I noticed in the stable the other day that Filly did not want to yield her hind quarters when I asked her to move over with my fingers. Did not want to included lashing out with her hind leg, running around me in circles, and generally acting a bit disrespectful.
I felt I needed to fix this for safety of myself and the staff, but also to improve her inside leg isolations when ridden. She cut herself on barbed wire a couple of days ago, not badly but bad enough not to ride for a few days. This then is an ideal opportunity to fix some ground work problems without wasting riding time.
I decided that the confines of a stable were not a good place to deal with a kicking horse so we went to the indoor school.
First a check that it was not a physical discomfort, so I scratched her good and hard in the area I was asking for the porcupine. She didn't like this to start, but gradually seemed to real enjoy it with a curled lip and a look of "please don't stop".
Not physical then, so it must be a mental brace. I like to use my hands for this exercise, although Parelli advocates the use of a carrot stick.
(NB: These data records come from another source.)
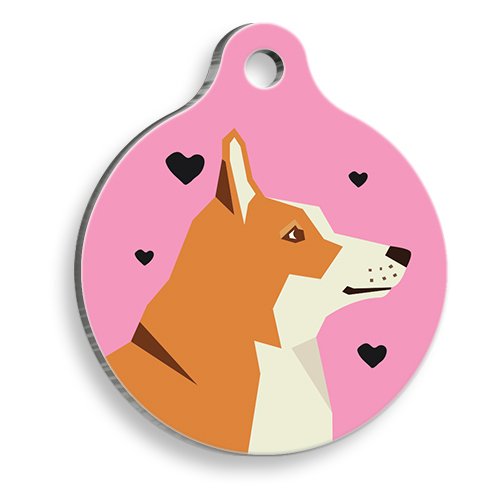 Pembe Akita Yuvarlak Köpek Künyesi Large 3,8 cm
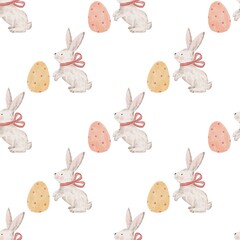 Seamless pattern with cute easter bunny, eggs, carrots. Easter pattern, rabbit fabric design, watercolor illustration. Happy Easter.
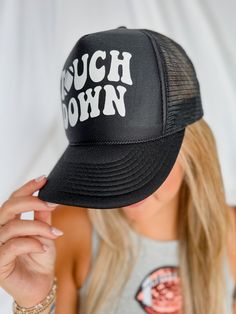 Achieve the perfect fit with the TOUCH DOWN Trucker Hat. This premium hat is constructed with a 100% nylon mesh back and has an adjustable closure for maximum comfort and breathability. Complete your look with a classic trucker hat. Black Breathable Hats For Spring, Spring Sports Mesh Trucker Hat, Spring Black Breathable Hat, Casual Breathable Mesh Hat, Summer Trucker Hat With Mesh Back And Curved Bill, Summer Trucker Hat With Mesh Back, Casual Hat With Mesh Back And Curved Brim, Summer Snapback Hat With Mesh Back And Curved Bill, Trucker Snapback Hat With Mesh Visor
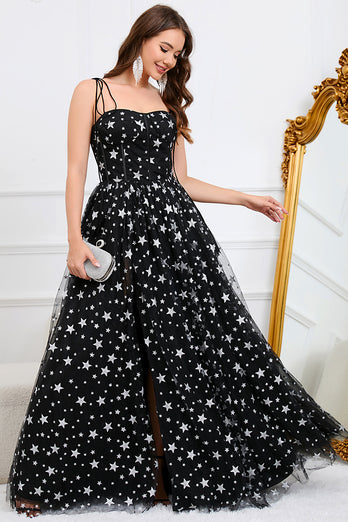 Long black dress with stars sale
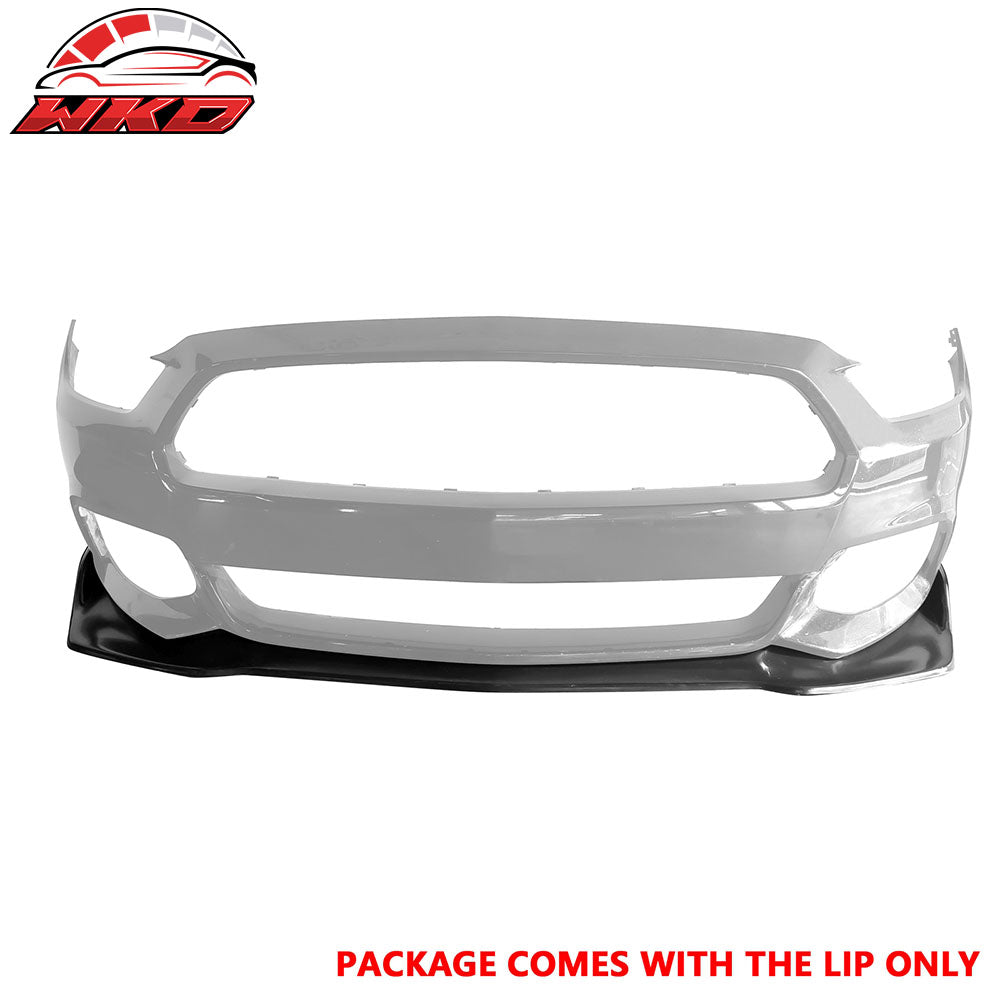 Fits 15-17 Ford Mustang MDA V2 Style Front Bumper Lip Spoiler Unpainted Black PU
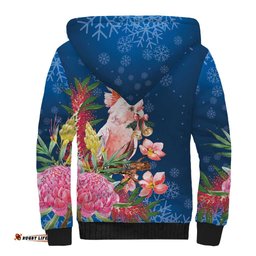 Australia Christmas Pink Cockatoo with Banksia Sherpa Hoodie Snowy Blue LT7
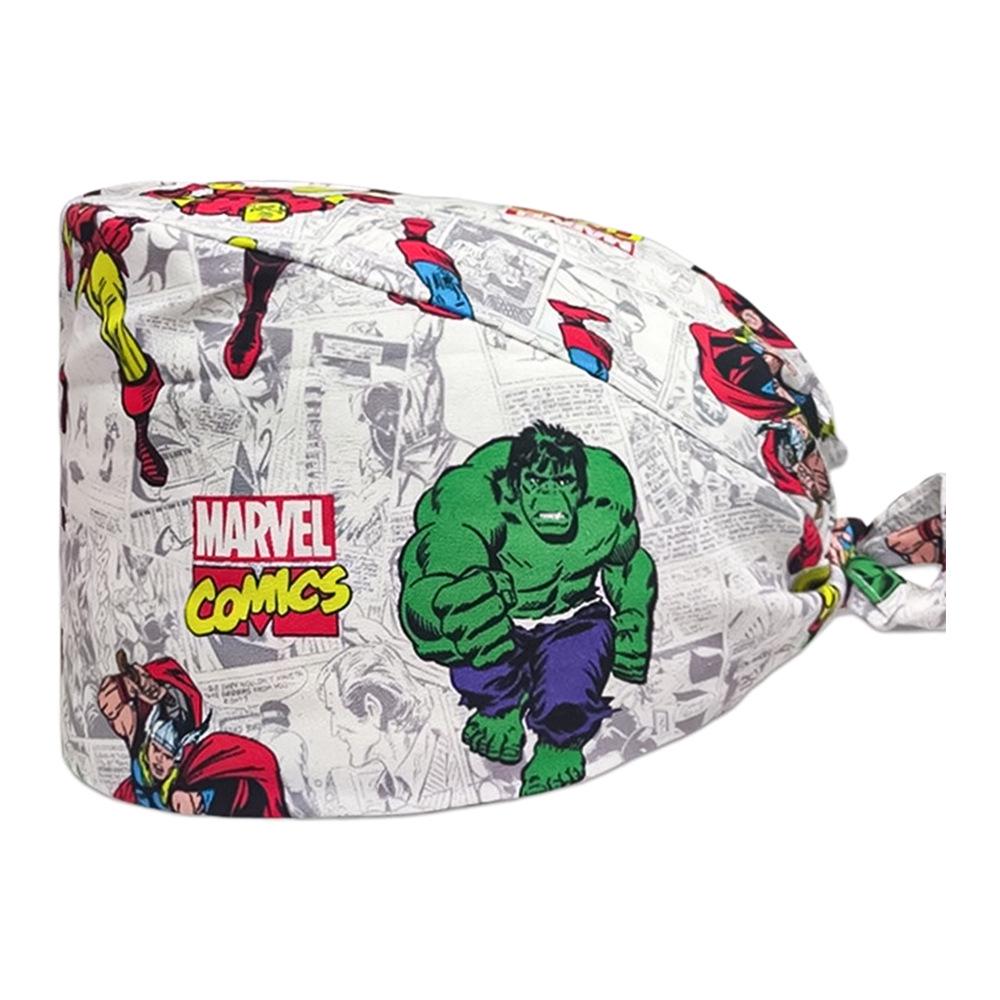 Unisex Cartoon Print Nurse Cap - Breathable, Sweat-Absorbent Surgical Cap for Pet Hospital and Medical Use.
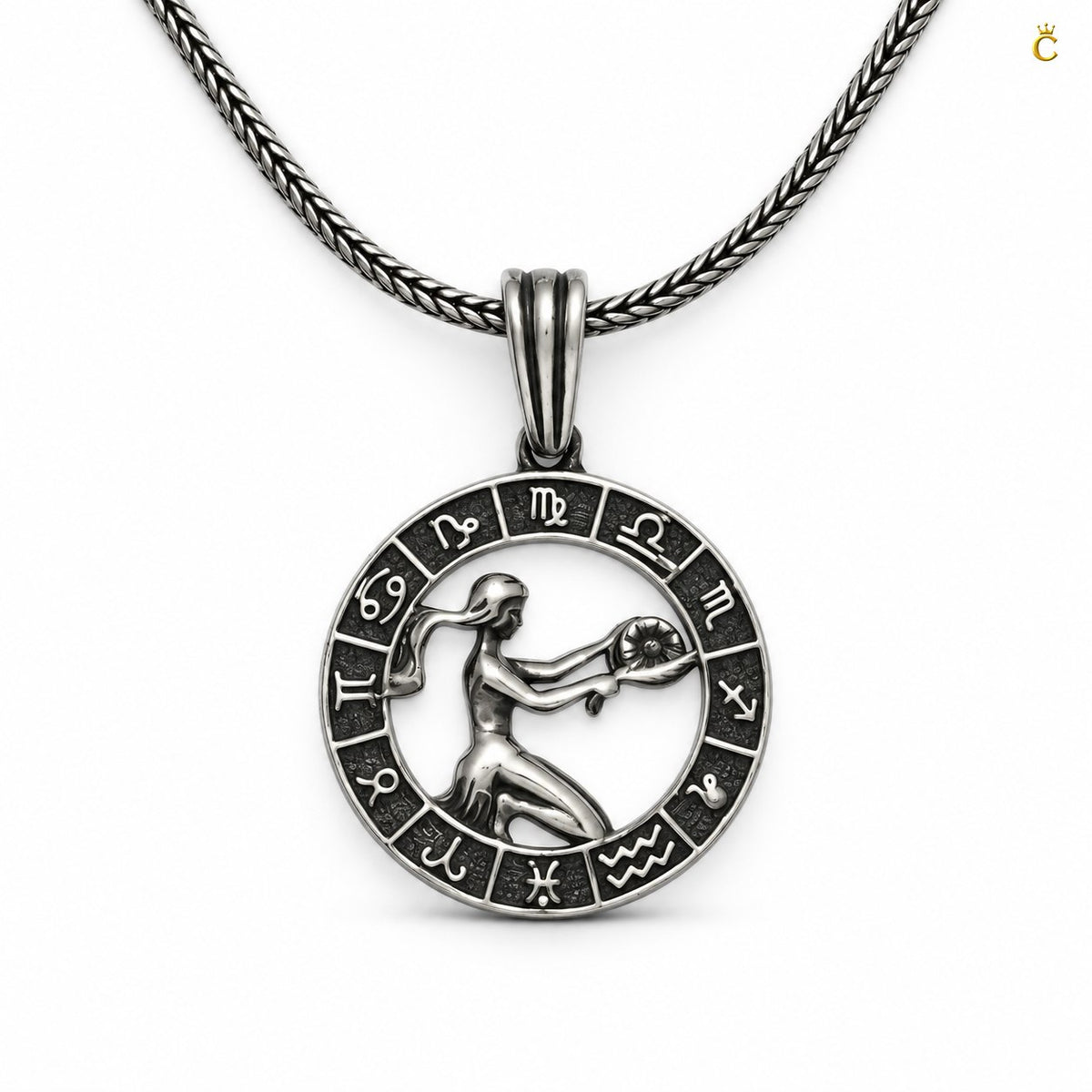 Premium Itallian oxidized Acquarius Zodiac Pendant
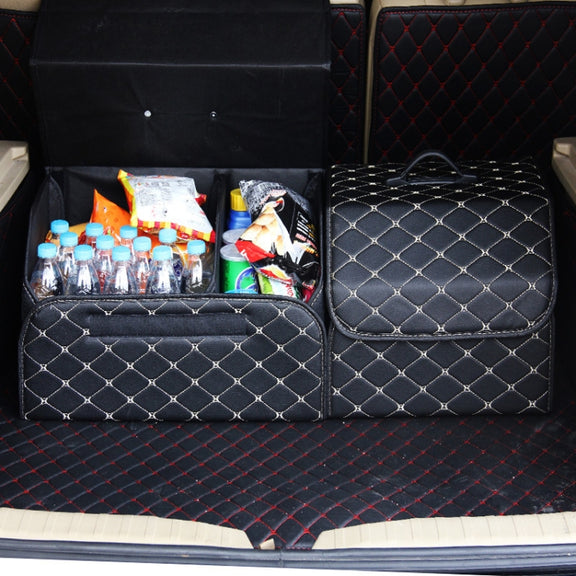 Car Trunk Foldable Storage Box, Rhombic Grid Small Size: 33 x 32 x 30cm (Black)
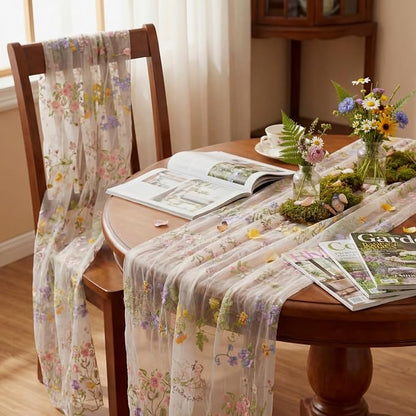 Ivory White Floral Table Runner 10ft Embroidery Tulle Spring Wildflower Table - Image 5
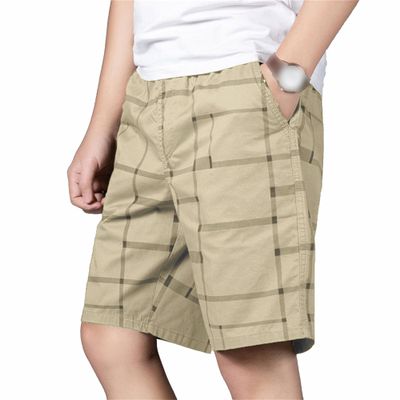 Men's Casual Plaid Beach Shorts Cargo Drawstring Loose Oversized Short Casual Elastic Waist Summer Men Short Pants (Khaki Color,3X-Large)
The stick does allow you to keep your distance and is probably safer, but with my fingers I could more accurately apply the pressure and also feel for any muscle tenseness in her sides.
As soon as I applied my fingers with an intention to move her she reacted. She did move away from my fingers, but it was an escape not a yield. It was also accompanied with lots of tail swishing and attempts to bite me, blocked by an elbow. Despite the fact she had moved away this would not have been the time to release the pressure, it would teach that this attitude was what was required as well as the movement. Thus I just held the pressure and around and around we went. To be honest I got very giddy, but stopping would have been a huge mistake. I could also feel the muscles under my finger tense into a massive brace. I was intently looking for signs of any relaxation on her part so that I could release, but it felt like an age until it came. Not complete relaxation, just a slight softening of her body, more fluid motion and the tail not actually hitting me.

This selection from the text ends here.